*
Wedns Nov 12th Painted the closets in the sitting
room chamber which with other things has taken
me most of the day. Susan has passed the
afternoon at Mr Swains Mr Whitwell called
this afternoon. I felt very sorry to stop my work as
I was very much engaged at the time Have not
sewed at all to day This evening have felt too much
fatigued
According to Old Oliver, “this was a fair cold day wind north west. the factory pond was frozen over this morning” It was a good day to stay indoors, which Evelina did. She still hadn’t completed all the refurbishments on the house, so she spent the day painting the shelves in the closet in the sitting room; the shelves in the parlor were already finished. By evening, she was “too fatigued” even to sew.

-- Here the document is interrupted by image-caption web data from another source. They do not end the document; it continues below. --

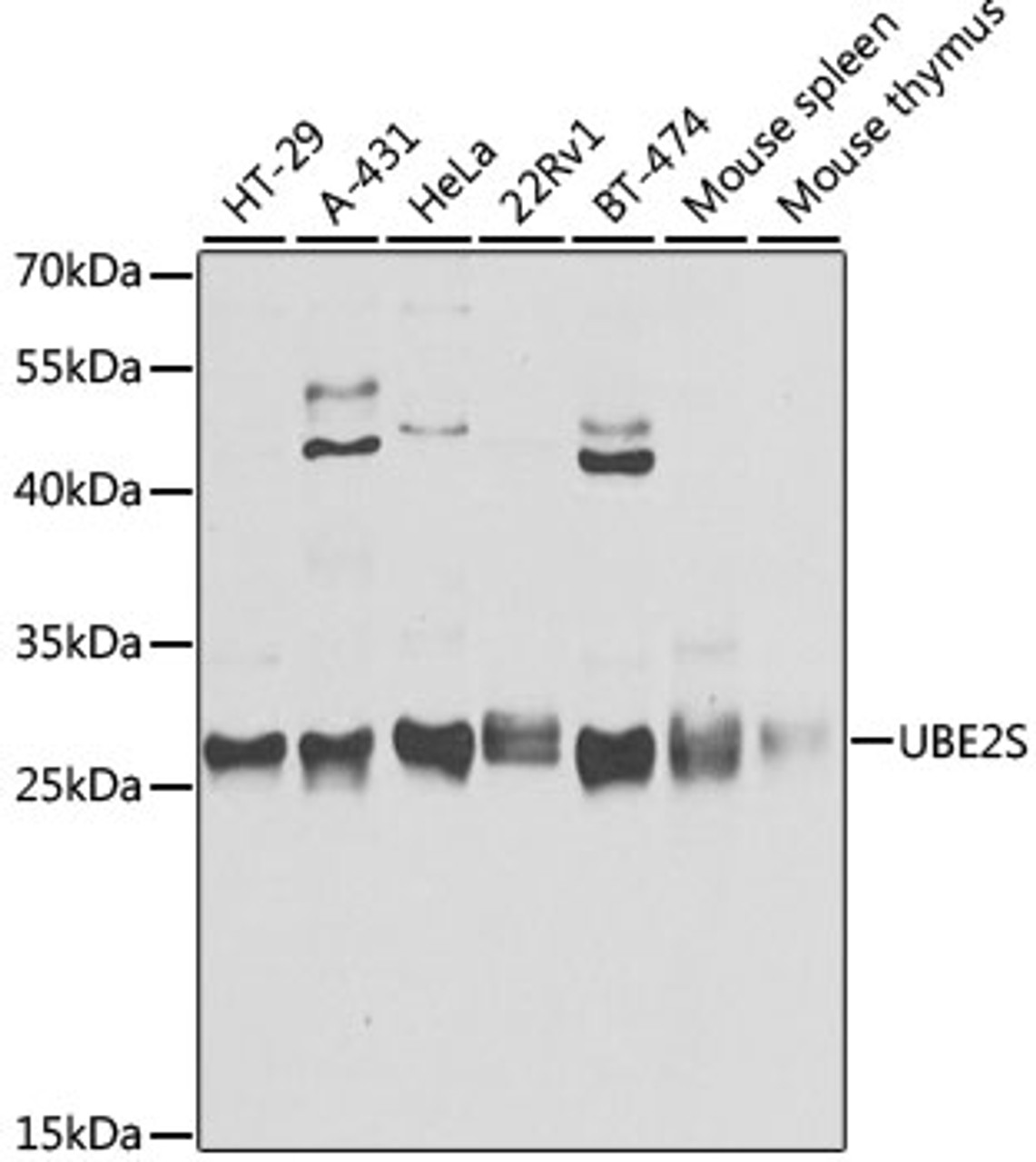 Western blot analysis of extracts of various cell lines, using UBE2S antibody (19-436) at 1:3000 dilution.<br/>Secondary antibody: HRP Goat Anti-Rabbit IgG (H+L) at 1:10000 dilution.<br/>Lysates/proteins: 25ug per lane.<br/>Blocking buffer: 3% nonfat dry milk in TBST.<br/>Detection: ECL Basic Kit.<br/>Exposure time: 10s.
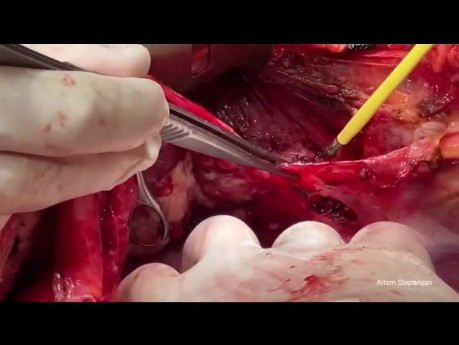 The Technical Aspects of Upper Abdominal Procedures in Advanced Ovarian Cancer Surgery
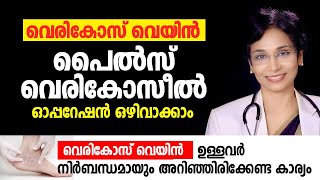 വെരികോസ് വെയിൻ പൈൽസ് വെരികോസീൽ ഓപ്പറേഷൻ ഒഴിവാക്കാം Varicose Vein Piles Varicocele Avoid Surgery [upl. by Jelle]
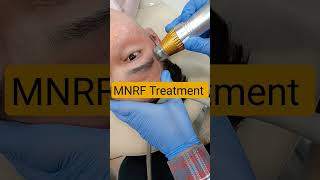 MNRF Treatment for Face Scars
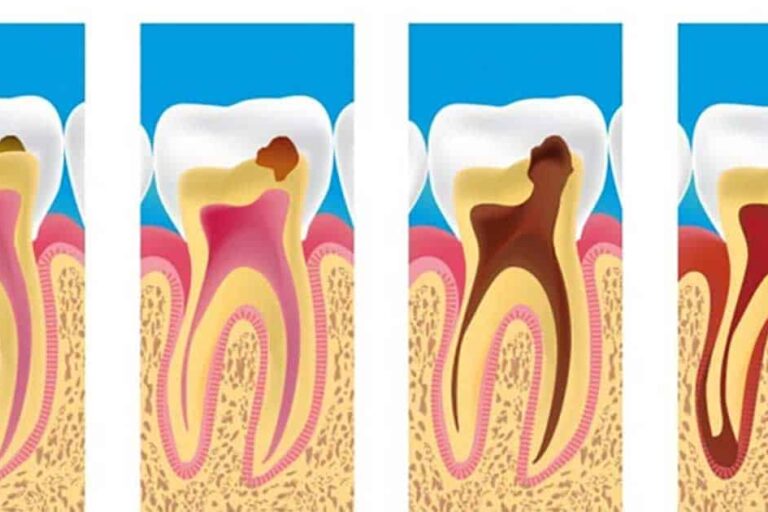 Studio Dentistico Dott. Paolo Papa a Napoli: In cosa consiste la devitalizzazione di un dente?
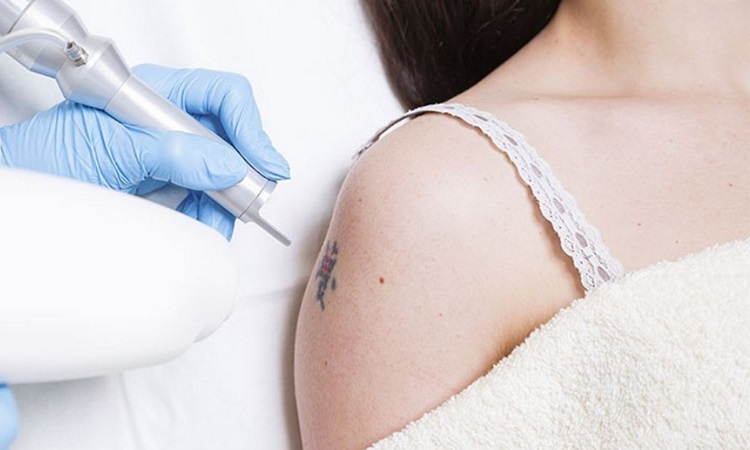 Laser Tattoo Removal Kansas City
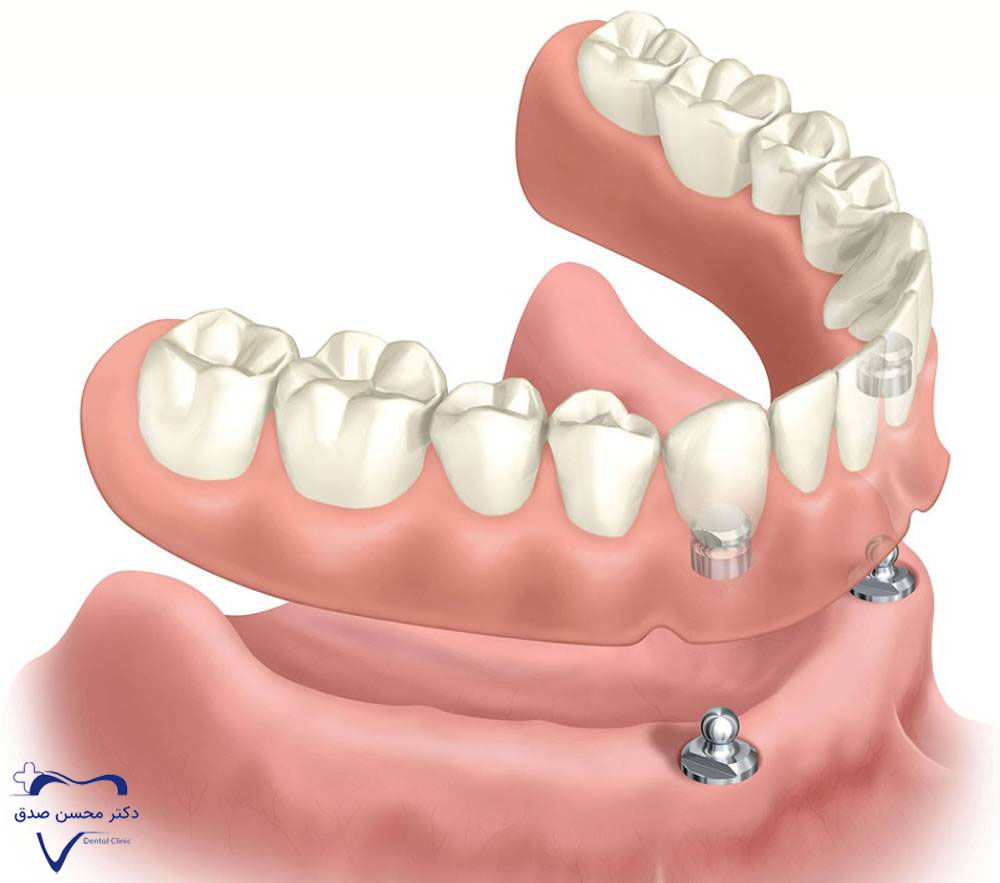 ایمپلنت All-on-2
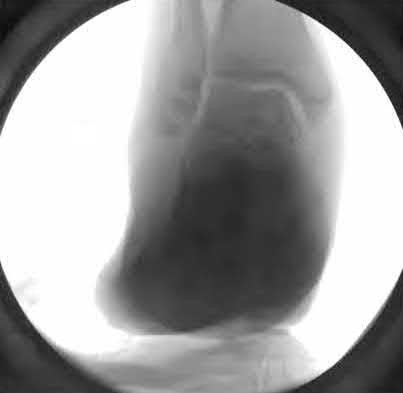 Illustration 144 for OrthoCash: Trauma MCQs & Cases for a yearold woman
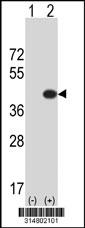 Western blot analysis of his-tag B4GALT7 (arrow) using his tag antibody. 293 cell lysates (2 ug/lane) either nontransfected (Lane 1) or transiently transfected with the B4GALT7 gene.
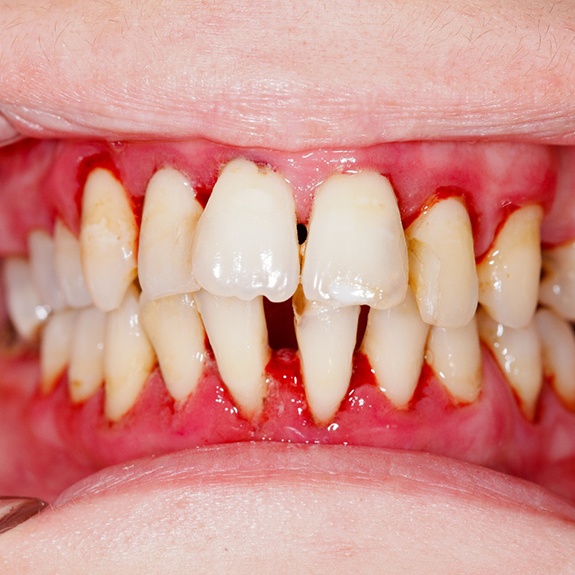 A patient with advanced gum disease.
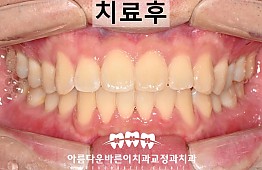수술후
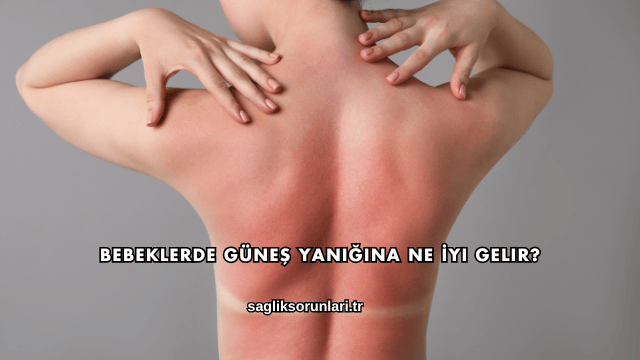 Bebeklerde Güneş Yanığına Ne İyi Gelir?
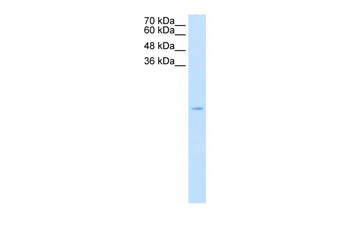 SOD1 Rabbit Polyclonal Antibody
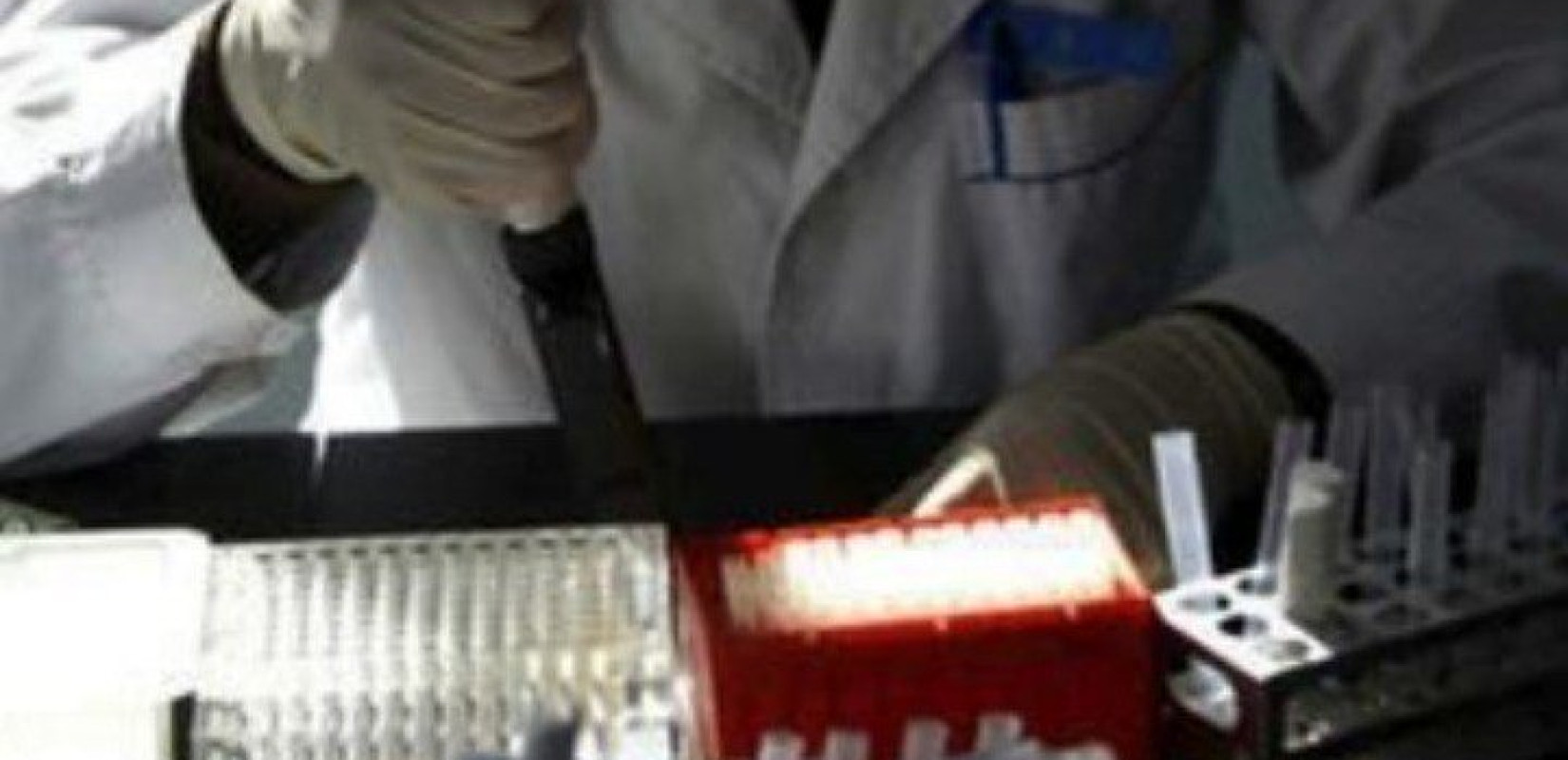 Ελληνική Μικροβιολογική Εταιρεία: Η απόφαση του ΕΟΠΥΥ για είσπραξη του clawback οδηγεί τα εργαστήρια στο κλείσιμο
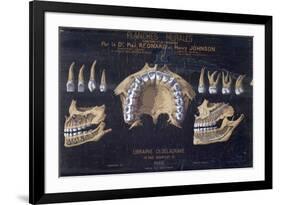 Anatomical Wallchart of the Teeth-null-Framed Giclee Print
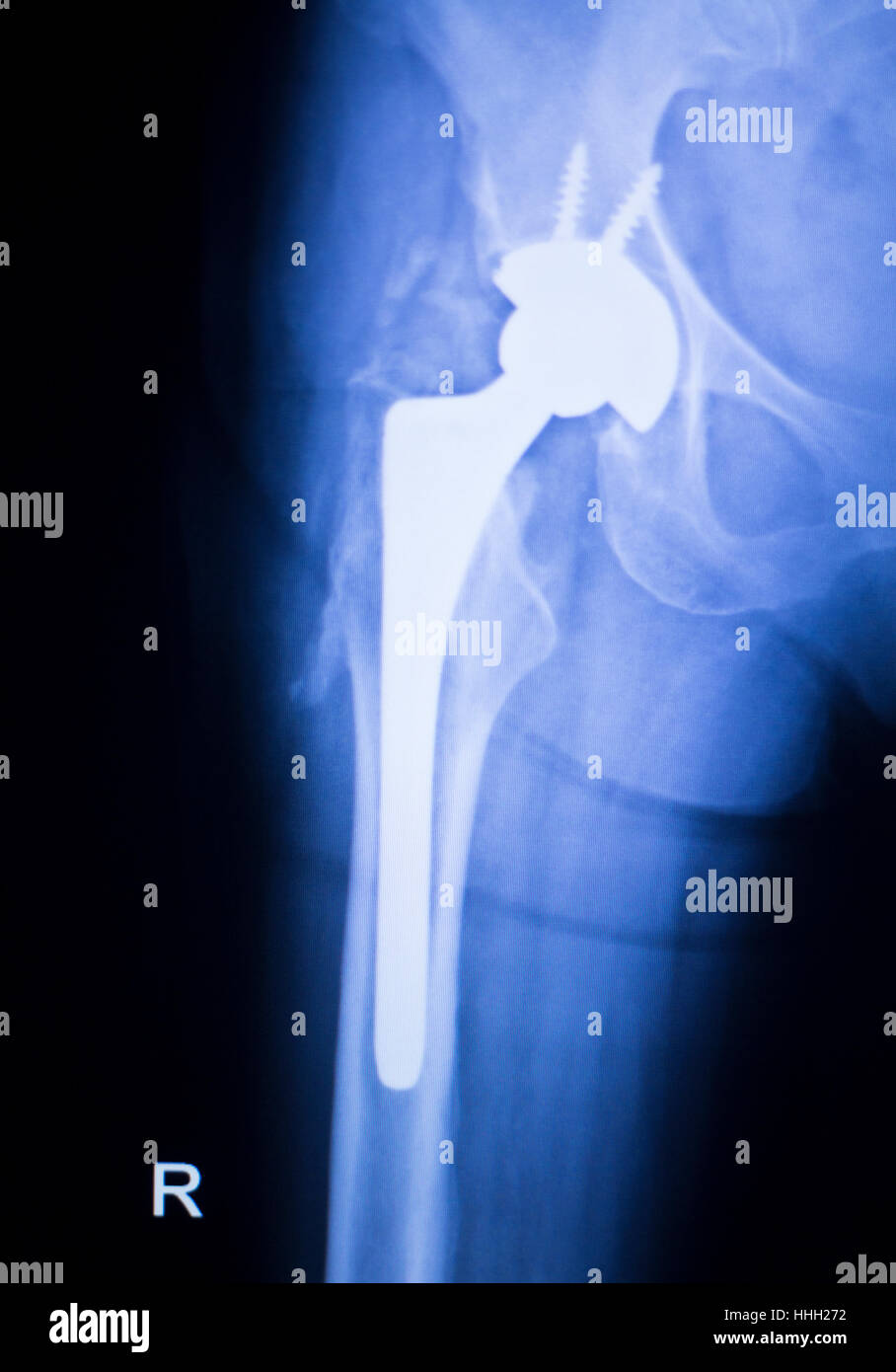 Shoulder Orthopedics Implant Xray Stock Photo C Edwardolive 118152216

Daughter Susie spent the day at the home of Ann and John Swain, perhaps playing with Ann’s niece, Ellen Meader. Reverend William Whitwell braved the north west wind and paid a call on Evelina. Much as she liked him and admired his Sunday sermons, she was less than pleased to set aside her painting for his visit.
And “the factory pond” – probably Shovel Shop Pond – had skim ice, at least, all the way across it. What did that do to shovel production? How did the dams, flumes, and wheels work when the water began to ice up?
*Photo courtesy of Kenneth Aisawa, http://www.theboundsofcognition.blogspot.com
No problem for the factories in this early fall ice, but somewhere in Old Oliver’s journal, he describes a bitter winter stretch where everything froze up solid and the effort they expend trying to free up the frozen water wheels.